Hitting: Despite all the data out there hitting boils down to three things. The ability to get on base, the ability to slug the ball, and to score runs. On base percentage (OBP), the ability to get on base, the Pirates rank 17th out of 30 teams. OPS+ is a statistic of hitting and slugging with many factors taken into consideration, like ballparks, and competition. It is expressed as a number with 100 being the league average. The Pirates number is 97, which is a little below league average, which ranks them 19th. The most important thing a team needs to do with all of that, is to score runs. The Pirates so far are averaging 3.77 runs per game, that is 23rd in the Majors. As you can see, the best thing the Pirates do is to get on base, but they have a hard time hitting for power, and converting all of this into runs. None of this is surprising but overall, the hitters have not done too bad, and they have had a recent resurgence of the long ball, which really helped carry them to a series win against the Dodgers.

Pitching: We have to give the pitchers a little slack here, because their stats are a little skewed, due to the fact, they game up 21 runs in one game, Pitching, like hitting comes down to three stats. Run prevention per game, ERA+, another comparison stat that takes ballparks into consideration with a league average being 100, and Fielding Independent Pitching, a stat that tells how well a pitching staff does at controlling what they can control, strikeouts, walks, and home runs. The Pirates have allowed 5.4 runs per game which is 29th in baseball. Their ERA+ is 86 which is 27th in the baseball. FIP for the Pirates is 4.19 that is 25th in baseball.

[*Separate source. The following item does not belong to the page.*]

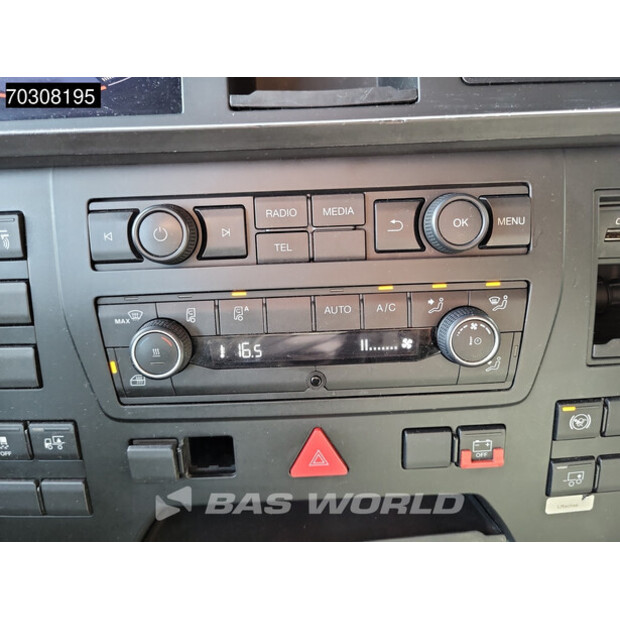 2020 MAN TGS 18.470-45928701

The bottom line is the pitching does not look very good on paper, but they have done well at protecting leads. Considering nobody really knows what their role is on the staff, they have done ok. Without the one bad game the pitchers would be just about on par with the hitters, or even a little better.

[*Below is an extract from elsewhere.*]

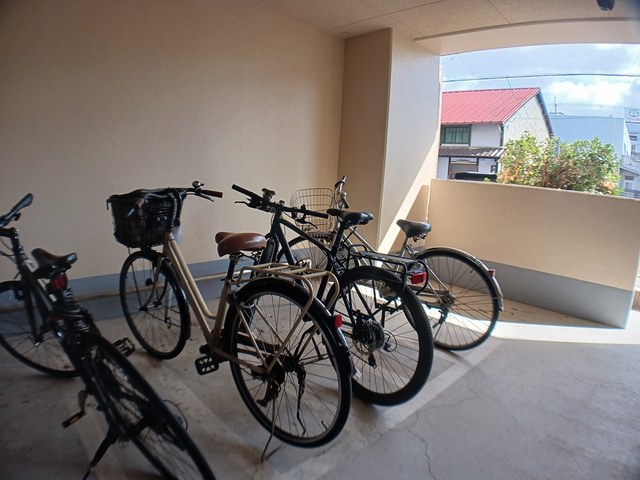 アーバンツァ その他7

Fielding: Fielding stats can be very hard to decipher. I go with one team stat that is on baseball reference, that is called Defensive Efficiency or shortened to DefEff. I think it is the best of all the defensive rating systems and takes into consideration the most factors that involves the defense. The Pirates have always been on the low end of scale, usually ranking in the lower 10, just about every year. This year is no exception where the Pirates rank 26th. Despite all the praise you hear from the booth about this team’s defense, in reality they really stink out in the field. Some of this has not been all their fault, because infielders have been playing the outfield for no apparent reason, other than to make them look bad. That is not to say there have not been bright spots and the potential to get better is certainly there.

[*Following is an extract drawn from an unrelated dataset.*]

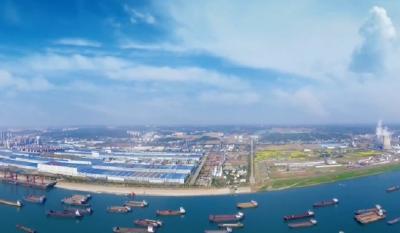 解读湖北“十五五”规划纲要丨强核 壮圈 联群 湖北的“十五五”有广度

Management: I am not just writing about the Manager of the Pirates Derek (Only the Shadow Knows) Shelton but the entire management team. There used to be an old radio show that was a mystery, called The Shadow. In the show as the mystery would begin to unfold, the narrator would always say who knows, only the Shadow knows. This is how I feel about the Pirates starting line ups and the thought processing that go into them. Who knows why they had Vogelbach leading off? Who knows why they played Cole Tucker so much in right field? Who knows why they tried other infielders in the outfield? Who knows why they only let starting pitchers go 4 to 5 innings? Who knows why there is a revolving door about who pitches in the 9th inning, when it is clear who should? I can tell you, only the Shelton knows. I do know this. This management team does not want to win this year, even if it was possible. The players right now are making tanking a little tough, because they are performing above expectations, doing much better in tight ball games. New blood hopefully will be coming up soon, which should make this team better. About this time last year, the team took a big swoon that pretty much lasted into September. We will see if that happens again. Management is certainly praying for it. We will revisit the Pirates after game 60 and get into more individual performances. I was kind to the individual players this time, because they may not be around after game 60.